--- PROBLEM TO SOLVE ---
Take the data below and write it out exactly, except for the pictures.

Caption-style text data:
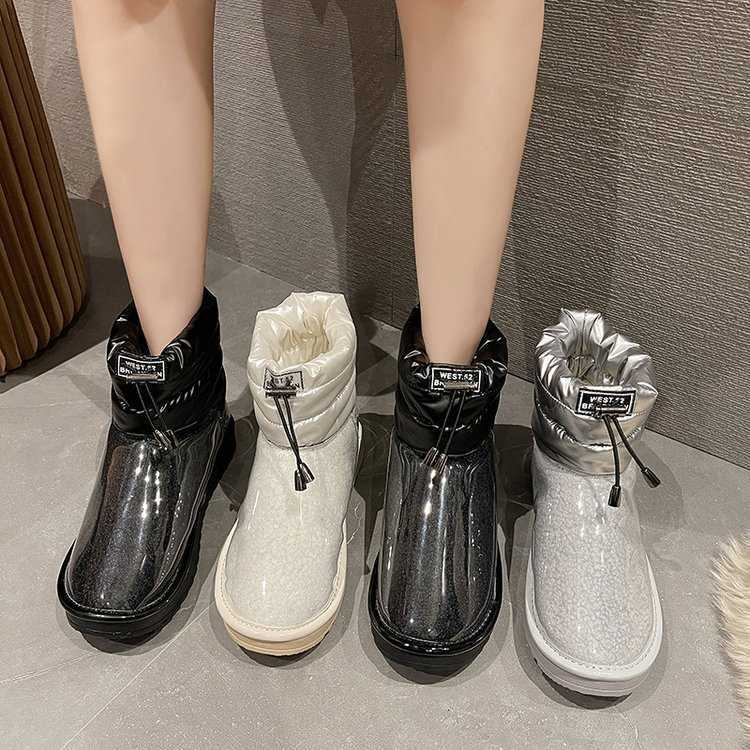 Top Boots New Women Winter Down Shoes Plus Size Snow Antiskid Bottom Soft Keep Warm Mother Casual 221213, Creamy-white
Top Boots New Women Winter Down Shoes Plus Size Snow Antiskid Bottom Soft Keep Warm Mother Casual 221213, Creamy-white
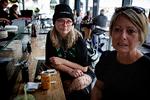 Emilie Kallehauge og hendes mor Jeanette Kallehauge er uenige om, hvorvidt hun skal vaccineres mod covid-19 eller ej.  Foto: Martin Lehmann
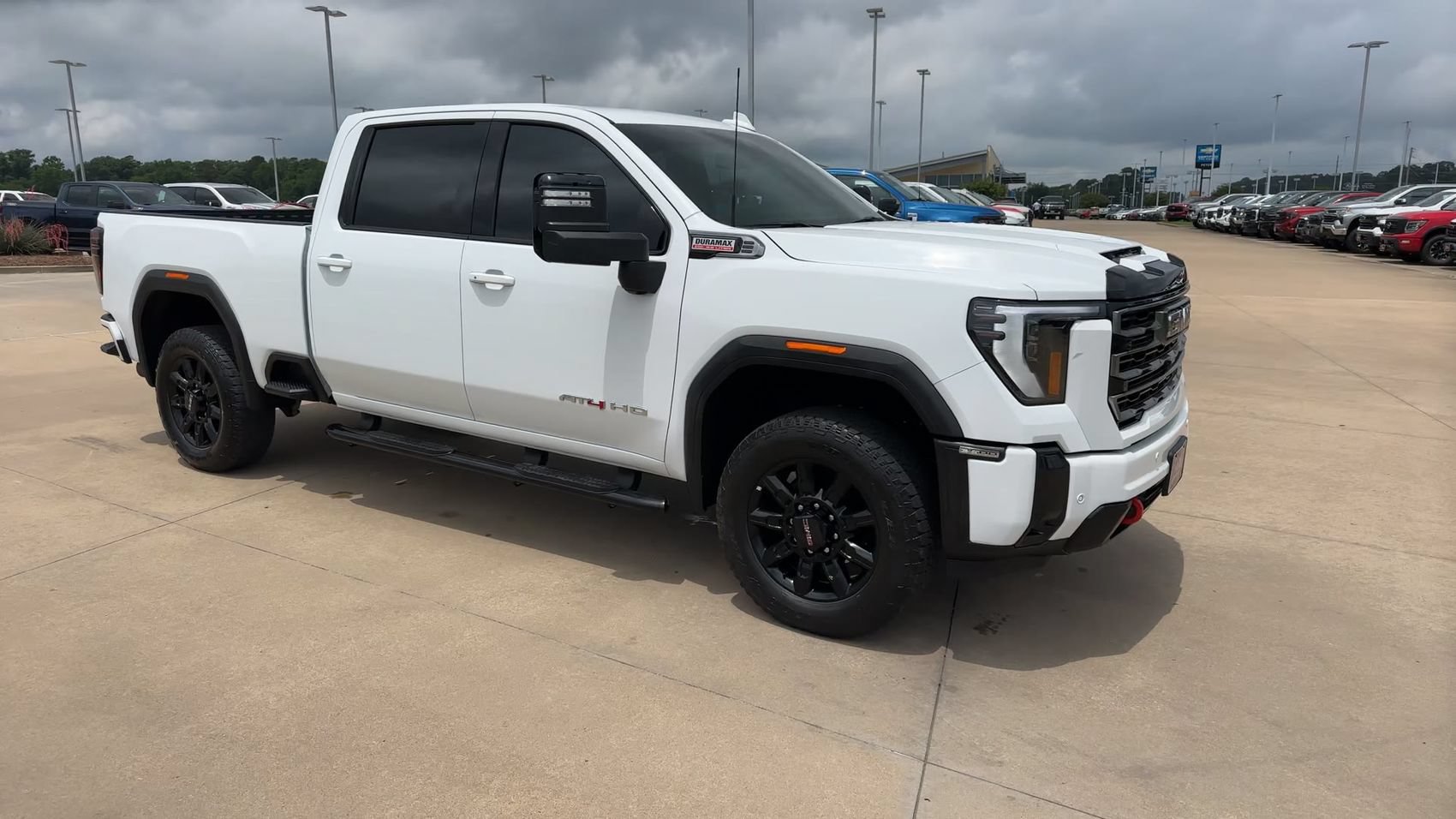 Used 2025 GMC Sierra 2500 AT4 AWD/4WD image 9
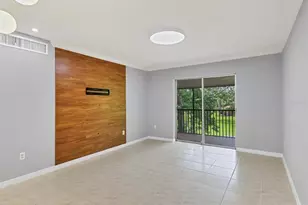 924 La Costa Cir, Sarasota, FL 34237 - Photo 7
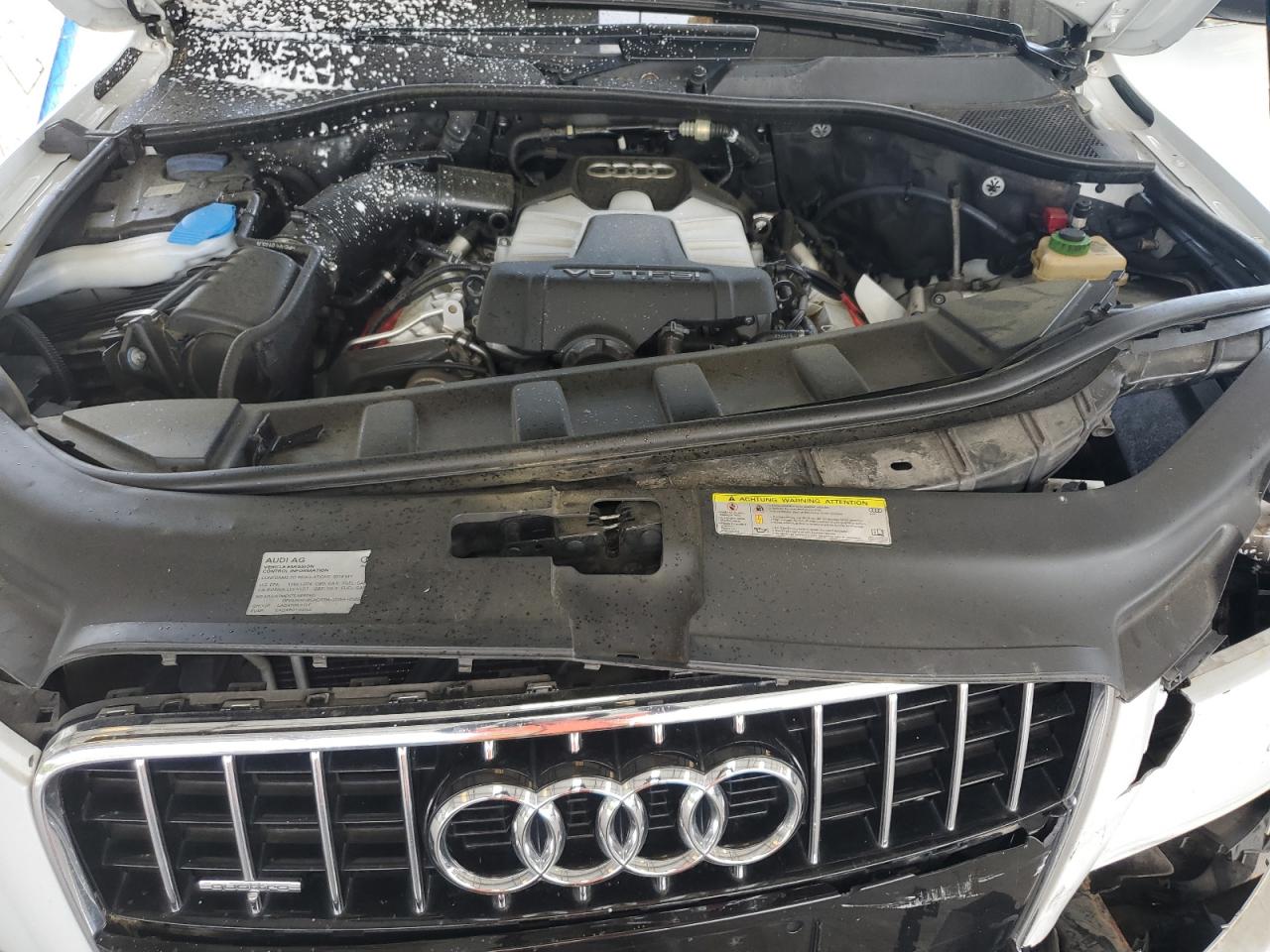2014 Audi Q7 Premium Plus VIN: WA1LGBFE2ED018243 Lot: 57210105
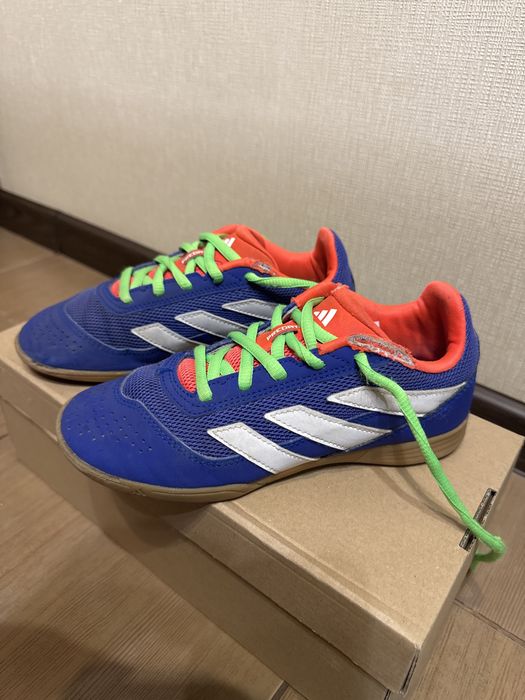 Кросівки для футболу, Adidas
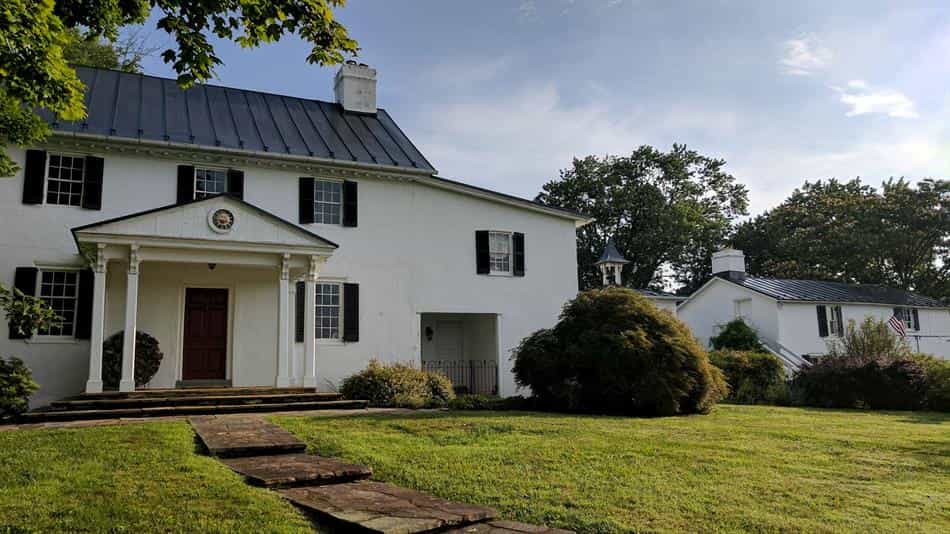 House in Bloomfield, Virginia 10109860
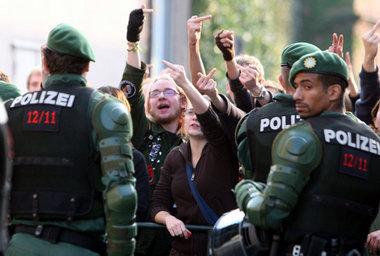 Polizei schützte am Samstag in Nürnberg rund 200 Neonazis vor 50...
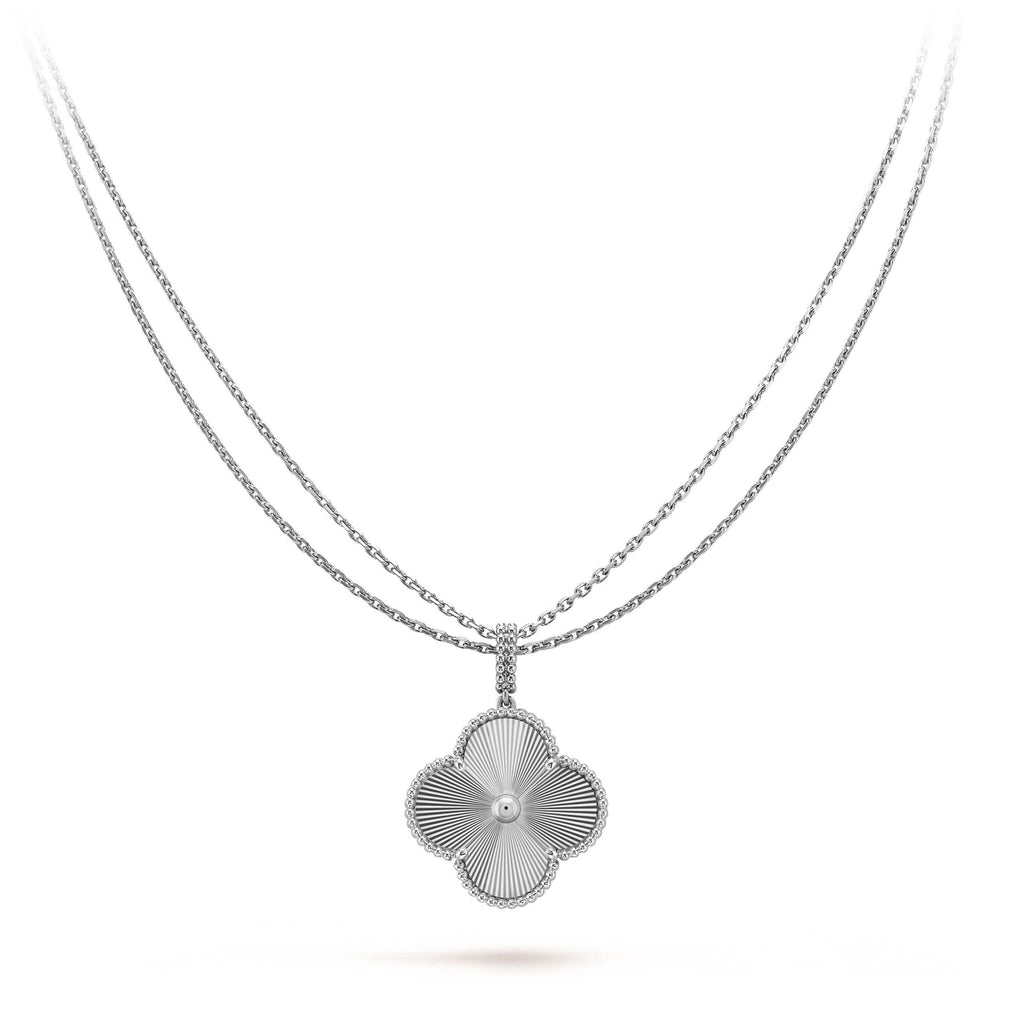 [⭐JeweliWhal]CLOVER 25MM SILVER BIG CLOVER NECKLACE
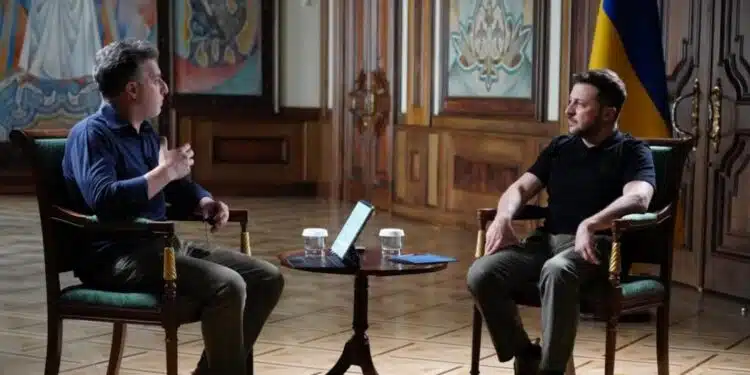 Luciano Huck abandona hotel às pressas momentos antes de entrevista com Zelensky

--- TASK OUTPUT ---
 Top Boots New Women Winter Down Shoes Plus Size Snow Antiskid Bottom Soft Keep Warm Mother Casual 221213, Creamy-white
Top Boots New Women Winter Down Shoes Plus Size Snow Antiskid Bottom Soft Keep Warm Mother Casual 221213, Creamy-white
 Emilie Kallehauge og hendes mor Jeanette Kallehauge er uenige om, hvorvidt hun skal vaccineres mod covid-19 eller ej.  Foto: Martin Lehmann
 Used 2025 GMC Sierra 2500 AT4 AWD/4WD image 9
 924 La Costa Cir, Sarasota, FL 34237 - Photo 7
2014 Audi Q7 Premium Plus VIN: WA1LGBFE2ED018243 Lot: 57210105
 Кросівки для футболу, Adidas
 House in Bloomfield, Virginia 10109860
 Polizei schützte am Samstag in Nürnberg rund 200 Neonazis vor 50...
 [⭐JeweliWhal]CLOVER 25MM SILVER BIG CLOVER NECKLACE
 Luciano Huck abandona hotel às pressas momentos antes de entrevista com Zelensky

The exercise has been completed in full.